Currently only two of the eight ETCDev developers have moved to ETCLabs. One person is believed to have initially accepted an offer but then turned it down. It is not certain whether the other developers will move to ETCLabs or work independently on the platform.
Was there a coup?
It became clear, in talking to the different sources, that the ETCDev managerial team had become increasingly isolated from the rest of the community, and even their own staff. Anthony Lusardi, the Director of ETCCooperative – who only found out about ETCDev’s financial situation last week – said that the managerial team had become increasingly isolated from other projects.
This is corroborated by a source within ETCDev who said that both Artamonov and McIntyre felt strongly about Ethereum Classic: a totally immutable and self-sufficient blockchain. McIntyre had publicly criticized ETCCooperative for accepting funds from the Ethereum (ETH) Foundation, believing that it compromised their independence. “This immutability maximalism wasn’t helpful,” the source said. “The leadership was isolating themselves from the other community members. It was essentially mismanagement.”
McIntyre told Crypto Briefing that both he and Artamonov were also committed to staying true to the founding ideological principles behind Ethereum Classic. He argues that the same sentiments were held by other members of the community, including ETCCoop.
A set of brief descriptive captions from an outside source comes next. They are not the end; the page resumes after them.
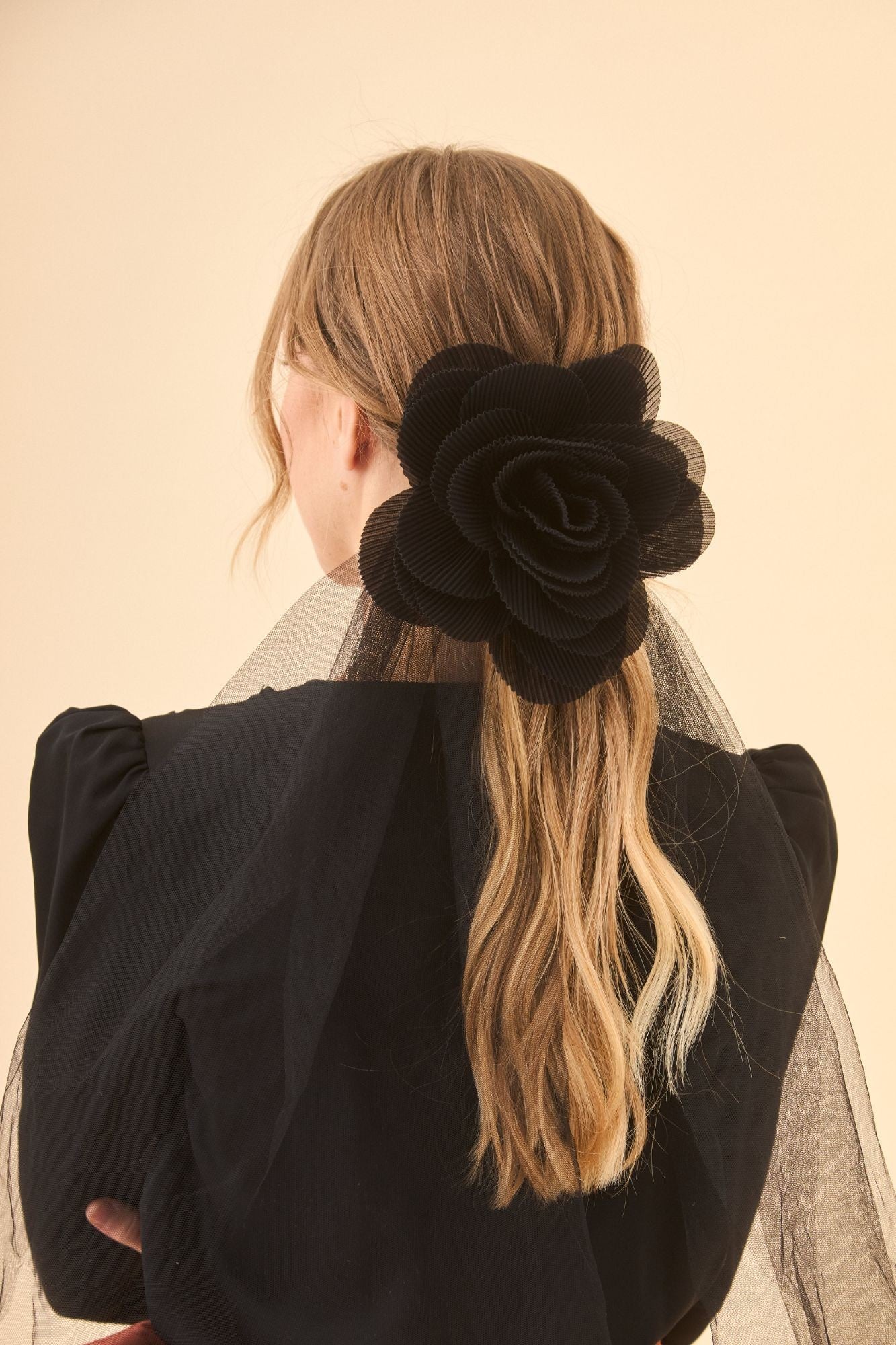 TOUR DE COU ROSE NOIR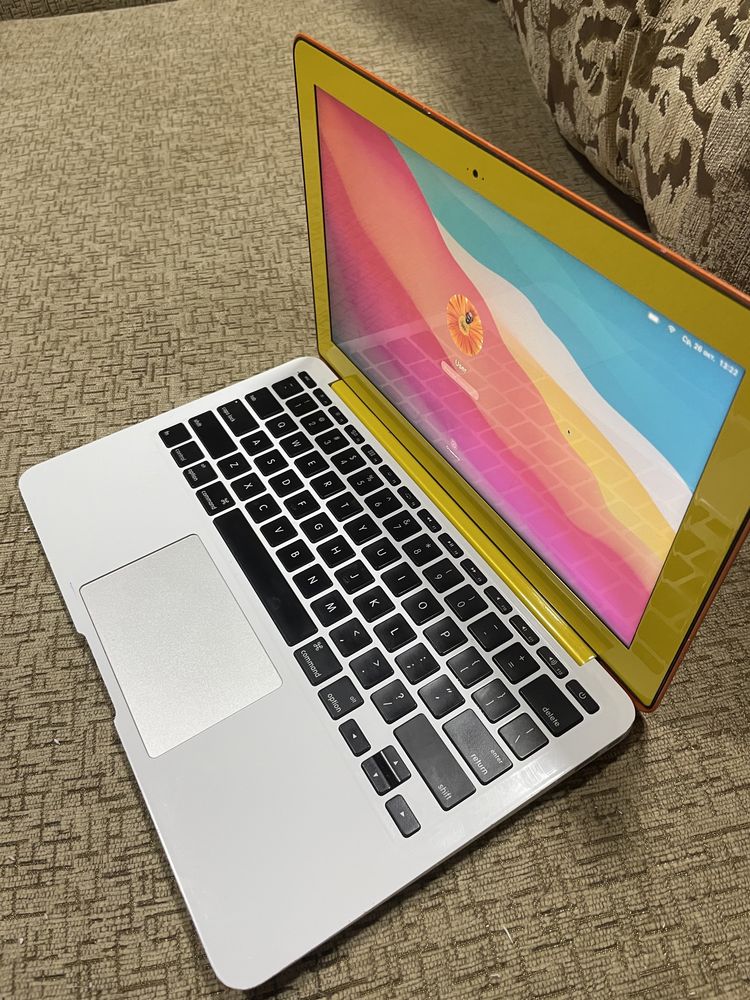 Продам MacBook air mid 2013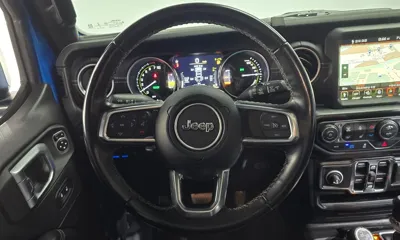 Jeep Wrangler 2022, 46878 км, за 31125.8 USD - фото 13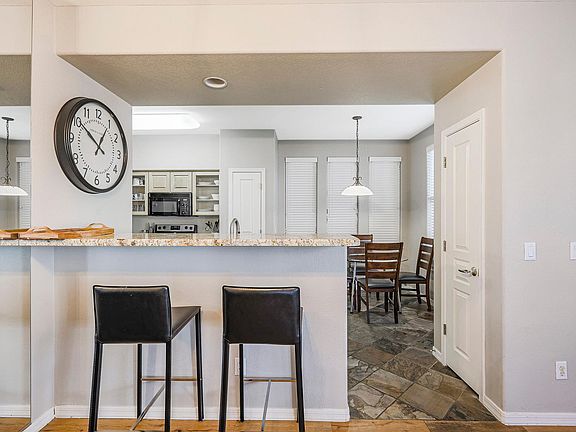 5th image of 15221 N Clubgate Dr Unit 1061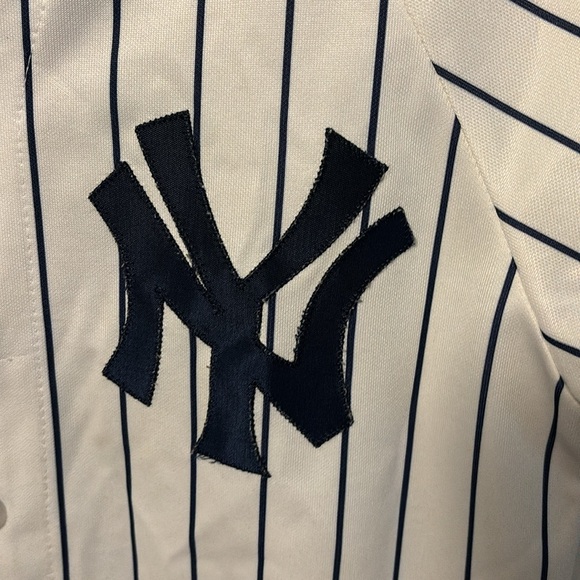 Vintage Yankees Youth Boys Derek Jeter Jersey Medium - Picture 5 of 7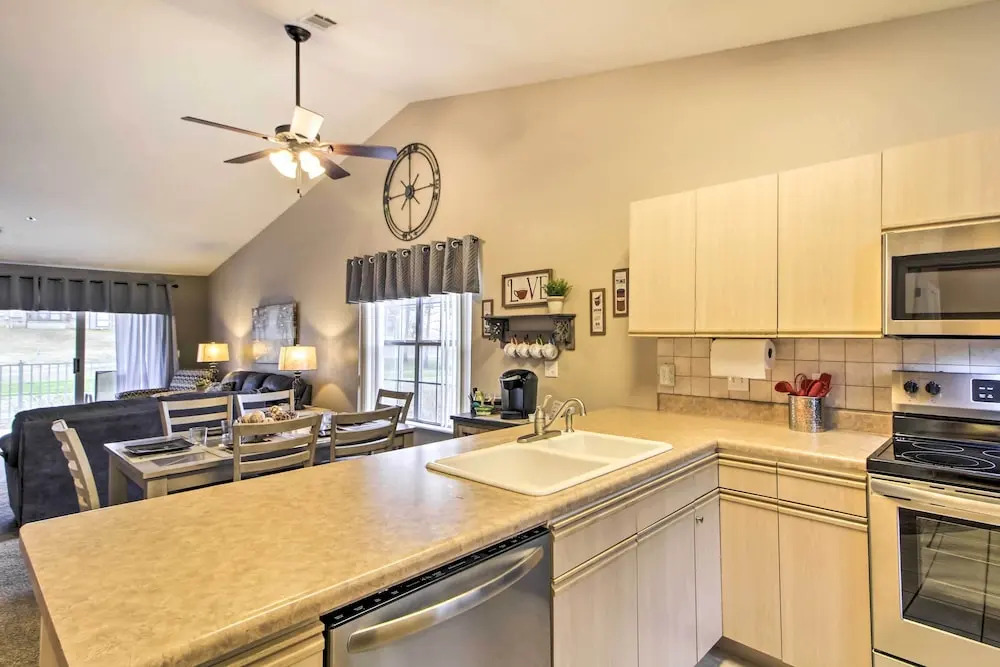 Near Branson Strip! Water-view Condo w/ Balcony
ETCLabs and DFG had already had plans to become a central developer in Ethereum Classic, he believed, and saw ETCDev’s financial difficulties as an opportunity to bring its staff into ETCLabs.
This has been disputed by Kukka. “That’s crazy,” she said. “ETCDev operated as a business. DFG looked at providing financial support, but we know this wouldn’t solve the problem. Their burn rate far exceeded the $300,000 assist we offered. The company may have been in the same position again in three months.”
Others have suggested that the main cause of the ETCDev demise came down to financial mismanagement. As Crypto Briefing reported earlier this week, most of the company’s assets were kept in cryptocurrency. The ability to continue financing operations and pay staff became severely limited as prices collapsed in the extended bear market. “I don’t think he [Artamonov] was the right person to manage finances,” Lusardi said.
Artamonov denies this. Over email, he said that rumors about his mismanagement of funds formed part of the campaign to discredit him personally:
I know that Darcy [Reno] and Anthony [Lusardi] – who also received money from DFG – are accusing me of mismanagement of funds, but none of them had access to my long-term finances, don’t know how exactly they were managed and what is the reason of the issue. It’s a pure speculation and intentional misinformation used to damage my reputation.
ETCDev’s last lesson
ETCDev’s collapse caught everyone – including ETC community leaders – by surprise. Although there are reportedly hundreds of developers working on the platform, the loss of a devoted ‘core’ team will hurt the platform hard, at least in the short term.
The one aspect everyone seemed to agree on was that this was nonetheless a blip in the life of Ethereum Classic. Despite the setback, it continues to grow and, according to Kukka, 12 projects will be added onto the platform by ETCLabs next month.
But this week’s events show just how easily a community – even one operating relatively harmoniously – can quickly descend into internal strife. In matters involving strong opinions and high feelings, it can often be too easy for projects to splinter into smaller, rival fractions.
After all, this was how Ethereum Classic was born.
The author is invested in ETH, which is mentioned in this article.